Klaudia Zwolińska zdobyła pierwszy medal dla reprezentacji Polski podczas igrzysk w Paryżu, kończąc na drugim miejscu w konkurencji kajakarstwa slalomowego K1 dla kobiet. Jej wynik, 97,53 sekundy, przyniósł jej srebro, tuż za Australijką Jessicą Fox, która uzyskała czas 96,08 sekundy.
Klaudia Zwolińska – pierwsza polska medalistka z Paryża
Dzięki swojemu osiągnięciu Zwolińska stała się bohaterką, przynosząc radość polskim kibicom. W wywiadzie dla TVP Sport tuż po zdobyciu medalu, 25-latka zapowiedziała, że zamierza przekazać swój medal na aukcję, wspierając szczytny cel – walkę z mukowiscydozą.
„Jest to bardzo ciężka choroba, dlatego z uśmiechem na twarzy oddam ten medal i mam nadzieję, że znajdą się ludzie, którzy wspomogą ten szczytny cel” – mówiła wówczas Zwolińska.
Srebrny medal na aukcji charytatywnej
W piątek 25-latka potwierdziła, że dotrzymała słowa. Za pośrednictwem swoich mediów społecznościowych poinformowała, że jej srebrny medal jest już dostępny na aukcji charytatywnej. Dodała również, że dochód zostanie przeznaczony na wsparcie Polskiego Towarzystwa Walki z Mukowiscydozą.
„Stało się, mój srebrny medal Olimpijski od dziś dostępny na aukcji na rzecz Polskiego Towarzystwa Walki z Mukowiscydozą. Wzruszający moment nie tylko dla mnie, ale dla całej społeczności chorych na Muko. Proszę wszystkich o wsparcie aukcji w mediach społecznościowych, klikanie działa cuda” – napisała Zwolińska, dodając link do licytacji.
Dlaczego Klaudia Zwolińska zdecydowała się na ten krok?
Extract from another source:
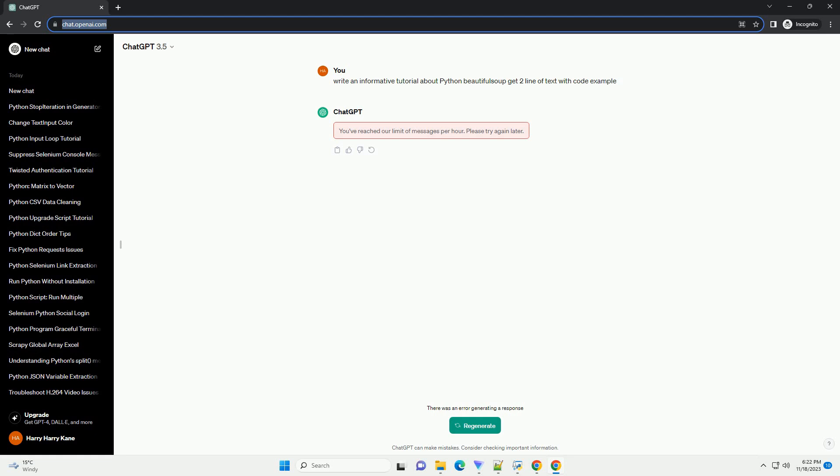Explanation: Import libraries, specify URL, send HTTP request, check status code, parse HTML, find text lines, extract and print text.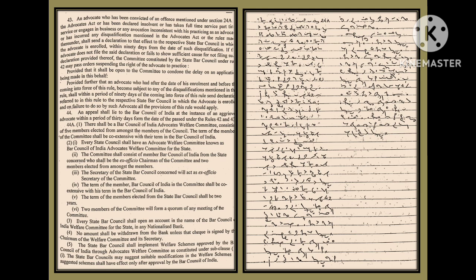Provided further that an advocate who had, after the date of his enrollment and before the coming into force of this rule, become subject to any of the disqualifications mentioned in the rule, shall within a period of 90 days of the coming into force of this rule send declarations referred to in this rule to the respective State Bar Council in which the advocate is enrolled, and on failure to do so by such advocate, all the provisions of this rule would apply.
W treści aukcji srebrna medalistka wyjaśniła, dlaczego podjęła decyzję o oddaniu swojego olimpijskiego wyróżnienia na rzecz walki z mukowiscydozą. „Wiem, jak trudne jest życie z tą chorobą, jakie śmiertelne żniwo zbierała przez całe lata wśród młodych ludzi i ile wyrzeczeń dla chorych nadal niesie ze sobą. Na przestrzeni ostatnich kilku lat, za sprawą nowoczesnych leków, życie wielu chorych zmieniło się na lepsze, ale wiem, że nie wszyscy mogą z nich korzystać i dalej stoją w obliczu tej strasznej choroby niemal bezbronni” – tłumaczy 25-latka.
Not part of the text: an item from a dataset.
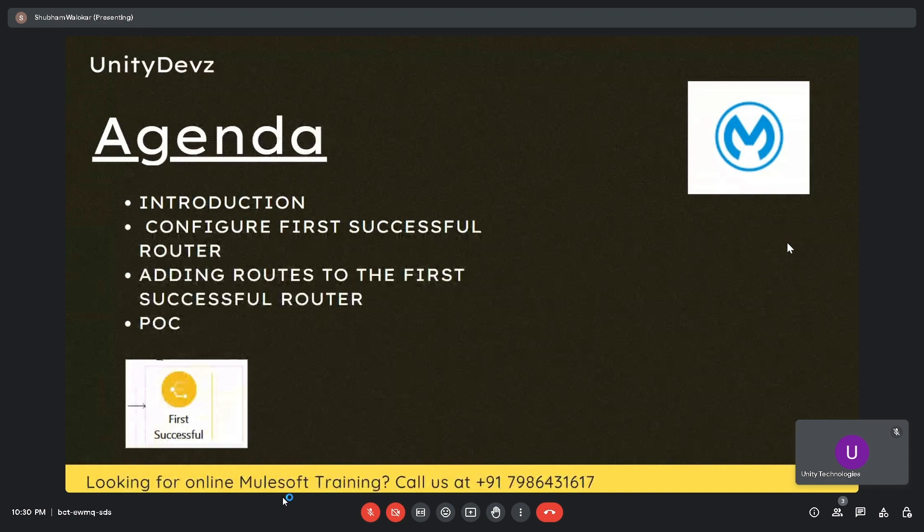In this session we will cover the following points: introduction, configuration, then adding the routes in the First Successful Router, and in the last we will see the POC.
- Czytaj również: Ukrainiec wykupuje polskie firmy, zamyka je, a ludzi wyrzuca na bruk. Ma podejrzaną przeszłość. Oto kim jest
Gest Klaudii Zwolińskiej spotkał się z ogromnym uznaniem zarówno ze strony kibiców, jak i społeczności związanej z walką z mukowiscydozą. Decyzja o przekazaniu tak cennego medalu na aukcję jest nie tylko aktem wielkiego serca. To także przykład dla innych sportowców i osób publicznych, jak można wykorzystać swoje osiągnięcia do pomocy innym.
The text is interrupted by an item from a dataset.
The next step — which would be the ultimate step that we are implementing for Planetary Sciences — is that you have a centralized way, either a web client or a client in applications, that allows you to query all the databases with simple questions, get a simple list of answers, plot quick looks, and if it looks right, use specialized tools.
Klaudia Zwolińska inspiracją dla innych
Polacy, którzy śledzili występy reprezentacji na igrzyskach, mogą być dumni. Zwolińska nie tylko przyniosła nam radość, zdobywając medal, ale także wykorzystuje swoją pozycję, by wspierać ważne sprawy.
Klaudia Zwolińska, srebrna medalistka igrzysk olimpijskich w Paryżu, zdecydowała się na piękny gest, oddając swój medal na aukcję charytatywną. Dochód z licytacji zostanie przekazany na rzecz Polskiego Towarzystwa Walki z Mukowiscydozą, wspierając osoby chore na tę ciężką chorobę. Jej gest to jednak nie tylko inspiracja. To również dowód na to, że sportowcy mogą przyczynić się do zmiany życia innych na lepsze.
Nie pozostaje nam nic innego, jak wesprzeć ten szczytny cel, tak jak prosiła Zwolińska: „Klikanie działa cuda!”.